Indonesia: Green pigeon in danger of extinction due to hunting

Markus Makur The Jakarta Post 17 May 16;

The widespread hunting of birds in Flores has left many bird species, some endemic to the area, on the verge of extinction. Local bird species are mostly found in the Ndora-Aegela forest, a vital water catchment area and their main habitat. The forest around Ulupulu village, in Nagekeo regency, East Nusa Tenggara, is a vital habitat and requires protection. Among others, the green pigeon, locally known as punai, has long been considered a favored catch among local residents for the dual purpose of consumption and trade. Locals also poach eagles and crows.

On March 14, Samuel Rabenak, of the Burung Indonesia conservation group, visited the area and reported that several Flores pigeon species were at risk of extinction.

“Burung Indonesia members are conducting a study in the forest for the purpose of environmental protection and public awareness. Residents must not poach birds in the forest,” Rabenak told The Jakarta Post on Monday.

Nagekeo regent Elias Djo said the local administration had prohibited citizens from hunting birds. The Ndora-Aegela is a protected forest and residents are prohibited from hunting in the region, he said.

“Bird hunting is prohibited in the forest. I’ve forwarded the information to the Nagekeo Forestry Office to patrol the Ndora-Aegela forested area,” said Elias.

The Natural Resource Conservation Center, located in Flores, said Monday that all wildlife species in conservation areas and protected forests have been listed as protected in order to maintain sustainablilty and balance in the ecosystem. Birds function to pollinate flowers and disperse seeds.

“Ensuring that people are aware that it is important not to hunt is very important, for the sake of sustainability and for the preservation of the forest ecosystem. Birds are vital to human survival. The government continues to inform people to not hunt birds in the forest,” Elias said.

The Burung Indonesia team recently identified two prized endemic bird species in the Ndora-Aegela forest; the Flores crow ( Corvusflorensis ) and Flores serindit/parrot ( Loriculus flosculus ). The Flores serindit is currently listed as critically endangered.

The discovery of the Flores serindit in the Ndora-Aegela forest is good news for bird lovers as well as biodiversity conservationists.

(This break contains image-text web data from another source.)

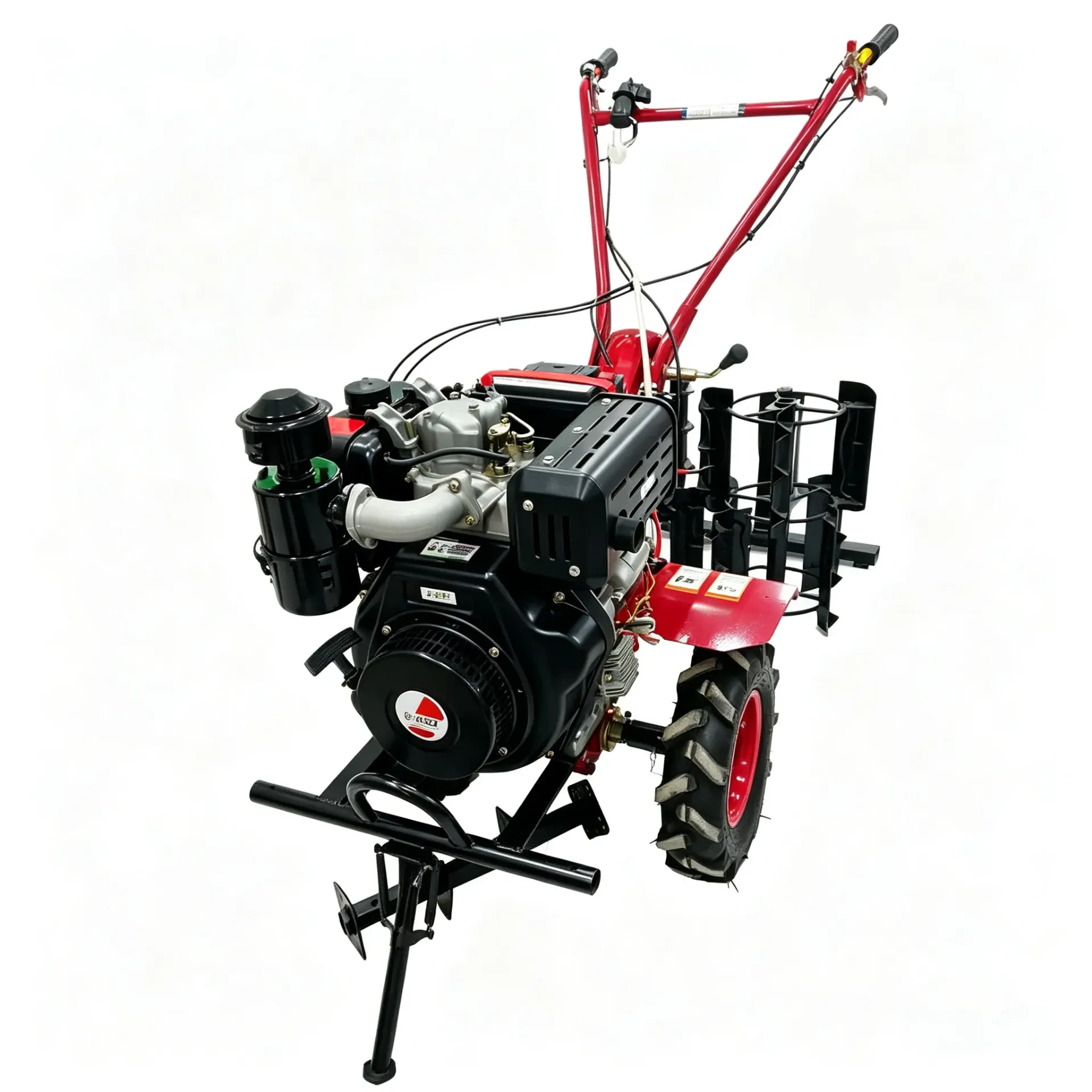 [MAQ-CUL-001] MOTOCULTOR DE 10HP A DIESEL AGZ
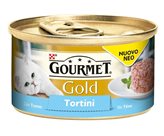 Gourmet gold tortini di tonno 85 g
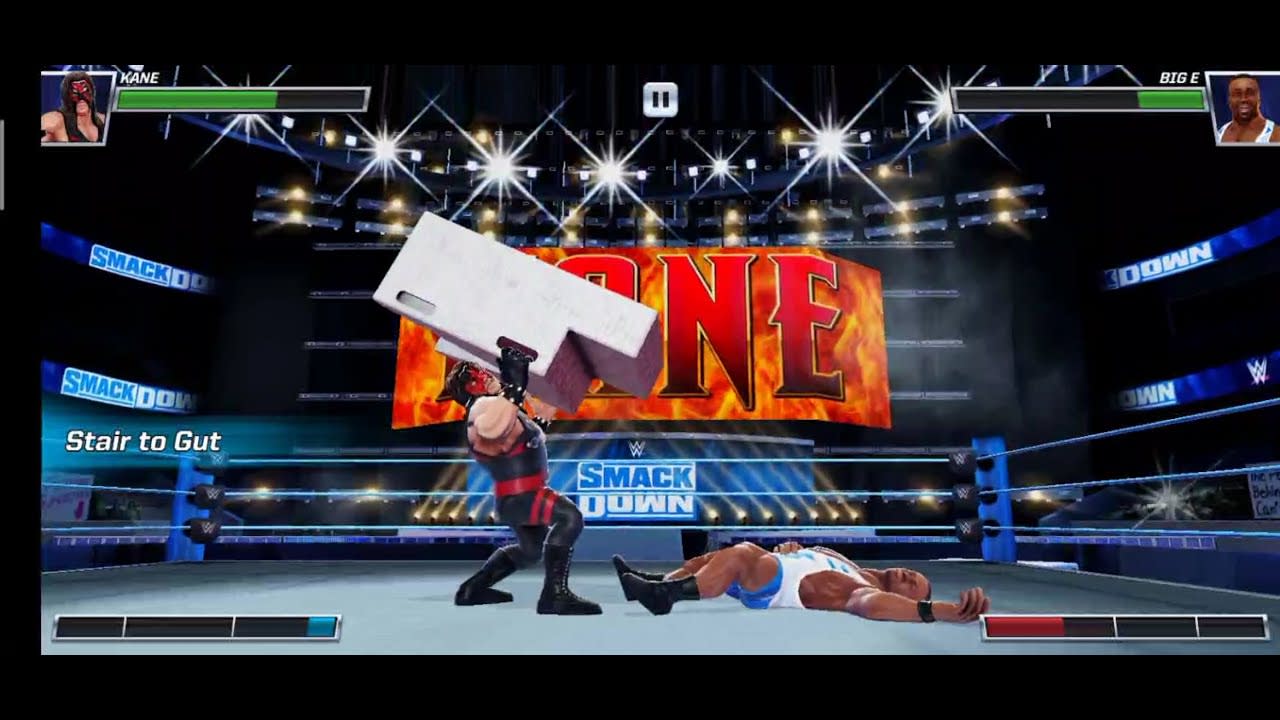 Kane vs big e new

These findings can provide a new alternative for bird watching activities in Flores. The Ndora-Aegela forest is oft dismissed by bird enthusiasts who tend to visit the Mbeliling forest and Ruteng Nature Park in West Flores.

It seems the local community is less aware of the importance of the region both from the standpoint of biodiversity as well as water catchment.

“Flores is an international bird watching destination, a place to explore the jungle and observe birds endemic to Flores. Crowds of international bird watchers visit Flores Island, attracted by some of the rarest endemic birds in the world,” he added.